+++ Data supplied

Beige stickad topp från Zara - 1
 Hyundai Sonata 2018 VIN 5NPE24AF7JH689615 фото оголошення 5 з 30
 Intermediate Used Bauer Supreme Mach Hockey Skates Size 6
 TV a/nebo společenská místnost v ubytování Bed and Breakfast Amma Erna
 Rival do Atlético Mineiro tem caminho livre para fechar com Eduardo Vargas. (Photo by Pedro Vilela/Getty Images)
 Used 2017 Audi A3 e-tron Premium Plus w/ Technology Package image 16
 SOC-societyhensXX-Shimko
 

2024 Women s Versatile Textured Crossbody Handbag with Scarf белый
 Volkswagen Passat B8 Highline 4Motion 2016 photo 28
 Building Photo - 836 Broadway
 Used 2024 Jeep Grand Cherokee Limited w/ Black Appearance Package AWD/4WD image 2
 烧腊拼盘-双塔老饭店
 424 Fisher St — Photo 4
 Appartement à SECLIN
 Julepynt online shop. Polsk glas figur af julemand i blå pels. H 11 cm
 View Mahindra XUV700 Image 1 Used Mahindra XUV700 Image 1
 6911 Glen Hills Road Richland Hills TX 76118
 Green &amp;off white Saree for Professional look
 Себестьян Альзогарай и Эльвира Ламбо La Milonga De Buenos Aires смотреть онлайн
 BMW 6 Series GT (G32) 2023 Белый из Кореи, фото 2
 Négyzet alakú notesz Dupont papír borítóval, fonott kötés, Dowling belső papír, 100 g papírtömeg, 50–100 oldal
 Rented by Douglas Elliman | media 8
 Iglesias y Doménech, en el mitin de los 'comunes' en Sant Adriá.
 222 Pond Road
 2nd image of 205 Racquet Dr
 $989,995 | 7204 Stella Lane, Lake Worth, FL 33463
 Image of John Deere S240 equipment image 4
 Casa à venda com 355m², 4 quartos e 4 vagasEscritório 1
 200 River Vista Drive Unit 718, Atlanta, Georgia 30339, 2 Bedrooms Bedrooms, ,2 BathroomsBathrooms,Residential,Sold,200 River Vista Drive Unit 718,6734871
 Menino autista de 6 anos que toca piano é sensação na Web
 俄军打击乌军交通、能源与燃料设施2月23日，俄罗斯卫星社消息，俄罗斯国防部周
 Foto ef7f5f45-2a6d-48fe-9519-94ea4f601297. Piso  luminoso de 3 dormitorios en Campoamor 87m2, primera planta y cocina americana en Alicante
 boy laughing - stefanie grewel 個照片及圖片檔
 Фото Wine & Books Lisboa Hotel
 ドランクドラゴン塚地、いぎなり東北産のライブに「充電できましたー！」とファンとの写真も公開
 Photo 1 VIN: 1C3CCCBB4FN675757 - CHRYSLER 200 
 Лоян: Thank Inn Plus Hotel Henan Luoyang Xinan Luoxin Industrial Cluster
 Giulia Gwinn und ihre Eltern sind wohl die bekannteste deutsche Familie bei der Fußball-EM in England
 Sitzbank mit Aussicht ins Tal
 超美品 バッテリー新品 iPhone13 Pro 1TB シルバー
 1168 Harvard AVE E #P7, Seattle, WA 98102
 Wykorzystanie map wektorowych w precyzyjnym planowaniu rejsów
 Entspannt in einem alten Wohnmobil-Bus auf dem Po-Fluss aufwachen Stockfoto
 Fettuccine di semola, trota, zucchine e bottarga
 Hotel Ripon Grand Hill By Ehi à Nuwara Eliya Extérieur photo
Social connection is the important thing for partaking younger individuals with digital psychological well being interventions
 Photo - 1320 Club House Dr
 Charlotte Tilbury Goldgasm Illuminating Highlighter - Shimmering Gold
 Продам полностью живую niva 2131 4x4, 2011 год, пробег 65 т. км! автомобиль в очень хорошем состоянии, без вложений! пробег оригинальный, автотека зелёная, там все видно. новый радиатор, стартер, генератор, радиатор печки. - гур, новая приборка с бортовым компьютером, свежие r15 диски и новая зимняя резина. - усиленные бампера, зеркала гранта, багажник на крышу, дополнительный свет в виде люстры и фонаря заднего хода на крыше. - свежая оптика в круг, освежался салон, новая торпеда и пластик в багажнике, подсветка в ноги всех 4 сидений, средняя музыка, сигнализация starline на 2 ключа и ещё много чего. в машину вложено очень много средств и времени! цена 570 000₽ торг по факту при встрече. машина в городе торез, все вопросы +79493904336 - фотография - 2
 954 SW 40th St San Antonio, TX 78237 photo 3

++++++

## What the task requires
From the entries above, select each line containing the string "with".

## Reply to the exercise
2024 Women s Versatile Textured Crossbody Handbag with Scarf белый
Social connection is the important thing for partaking younger individuals with digital psychological well being interventions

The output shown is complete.